Amazon.com Launches Cloud Drive and Cloud Player
Amazon.com launched what could be a bombshell in the online storage industry this week. Amazon.com’s Cloud Drive service provides a user with 5GB of online storage for free. I saw this and immediately signed up only to find that Amazon MP3 purchases do not count towards that 5GB limit, de-duplication at its finest!
One can upgrade their storage for $1/GB per year making 20GB $20/ year and 200GB $200/ year. Clearly this is more expensive than purchasing two 2TB hard drives these days (at 200GB of cloud storage), but it is a stake in the ground against Netflix and Google.
Along with Cloud Drive, Amazon.com launched Cloud Player which allows users to play music on their Cloud Drive back on PC’s and on the Android platform.
In the past few weeks, Amazon has also launched a video streaming service and an Android marketplace. It seems like their strategy of bringing the cloud to consumers is in full-swing at the moment.
DVD Recordable Market Down from over $6B to just over $5B in 2010
With the introduction of Blu-Ray, Netflix, Amazon.com’s streaming service and other players, it makes sense that the global market for DVD media, including recorder sales lost over $1B or around 18% in 2010 according to the Santa Clara Consulting Group. This makes sense since physical media delivery is becoming less cost-effective than online delivery. For archiving purposes, at least for “short” 3-5 year term purposes, hard drives have supplanted much of the optical and tape markets as SATA drive prices near $0.035/GB.

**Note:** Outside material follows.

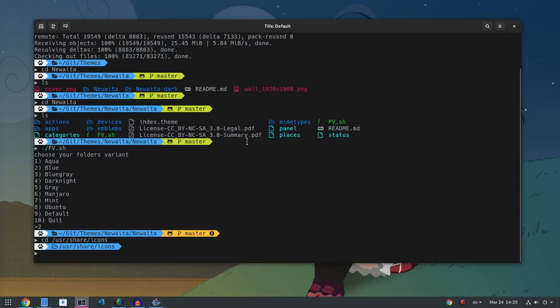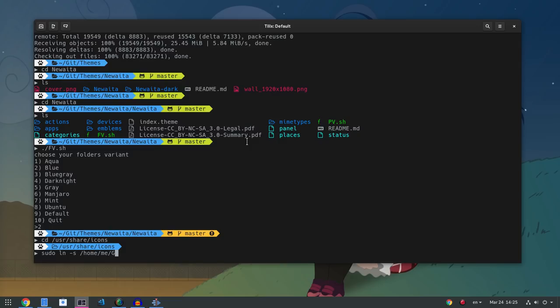Then create a symbolic link to your git location. I do a system wide installation, but you can also install it on home local share icons.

Intel Ships the SSD 320 Series
Intel started shipping the SSD 320 series this week in capacities of 40GB, 80GB, 120GB, 160GB, 300GB and 600GB which is significant expansion from the previous generation X25-M. The significance of the 320 series is that it uses the famed Intel controller with 25nm flash but delivers much improved sequential write performance as well as 4K IOPS speed. Without The Intel 510 series SSDs based on the Marvell controller are still expected to fill the role of SATA III 6.0gbps enthusiast parts.
OCZ Completes the Acquisition of Indilinx
For those wondering why OCZ’s purchase of Indilinx closed within weeks and Western Digital’s acquisition of Hitachi GST will take six months, a big reason does come down to size and structure. When a small drive manufacturer (OCZ is not large by volumes of total drives shipped contrary to some reader’s beliefs) purchases a small, private company (Indilinx) deals move along much faster as the closing formalities occur much faster and anti-trust review is generally non-existent.